Trying to find a beau who doesn’t have his mattress on the floor of his bedroom is a difficult task. That’s why, when I saw a room full of beautiful, elevated mattresses with brand-new bedframes at Serta, I decided to take my chances and fuck the sales guy.
Is this what sexuality in the modern age has come to?
Did I have to go to the mattress store to find a bed frame-owning sexual partner? Apparently. This Serta salesman didn’t just have one California king with a sexy oak headboard fit for a queen, he had 28!
My previous sexual partners refused to buy bed frames, but would spend hundreds on shoes or NFTs. Why did every man I fuck refuse to lift their mattress from off the floor? It wasn’t until I saw him, the Serta salesman, that I realized that I deserved a more elevated sexual experience, both literally and figuratively.
There was something so suave about this mattress king. I felt confident that he would bed me in a real bed, not a limp mattress raw dogging the floor.
Last week, after the Serta sales hunk sold me an extra-firm foam mattress and I waited until he closed, we made love on 15 different real beds with big strong bedframes and headboards. I couldn’t believe I wasn’t asleep, because it was a dream come true.

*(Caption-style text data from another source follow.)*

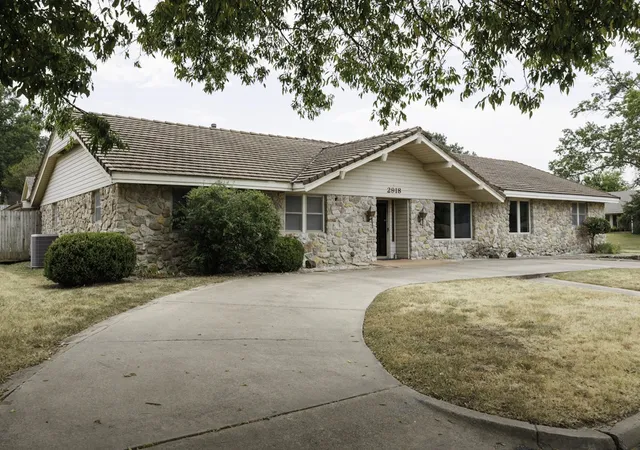 Photo 3 of Single family home for sale at 2918 Longridge Ln, Bartlesville, OK 74006 | MLS# 2628871 | Listing updated on 2026-08-20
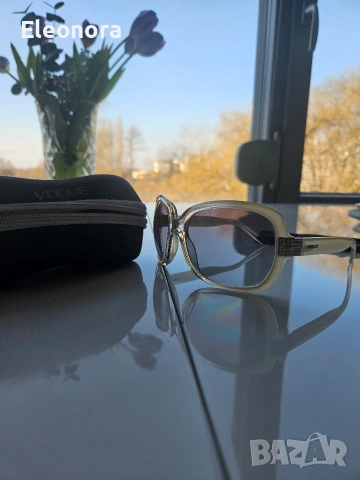 Слънчеви очила Vogue , снимка 2 - Слънчеви и диоптрични очила - 53173760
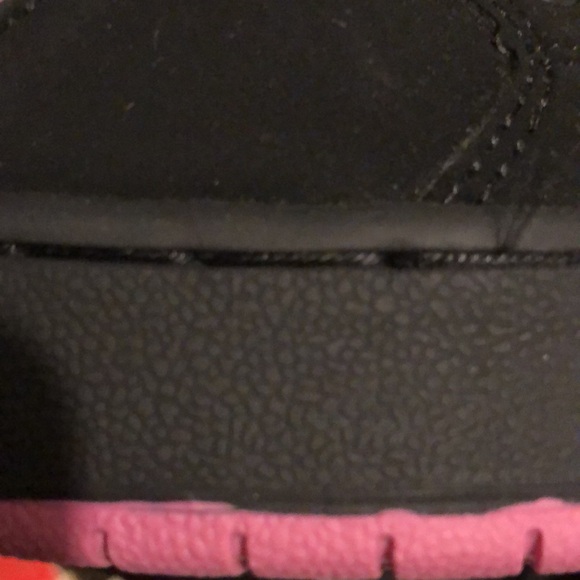 Heely’s - Picture 5 of 14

I never knew sex could be so glorious, or so high off the ground!
After all my years of waiting, I finally had sex on a real bed. None of his many mattresses touched the floor and it was a real romp. I couldn’t help but feel a little devastated that, after all these years of mattress floor sex, there was always better out there in mattress stores across the country.
The truth is it wasn’t about the sex, it was about the security of having a bed frame to support my sexual endeavors. I didn’t have to worry about rolling onto the cold floor during coitus. Sex is so much better from the comfort of a bed frame and within the open-concept layout of a Serta showroom.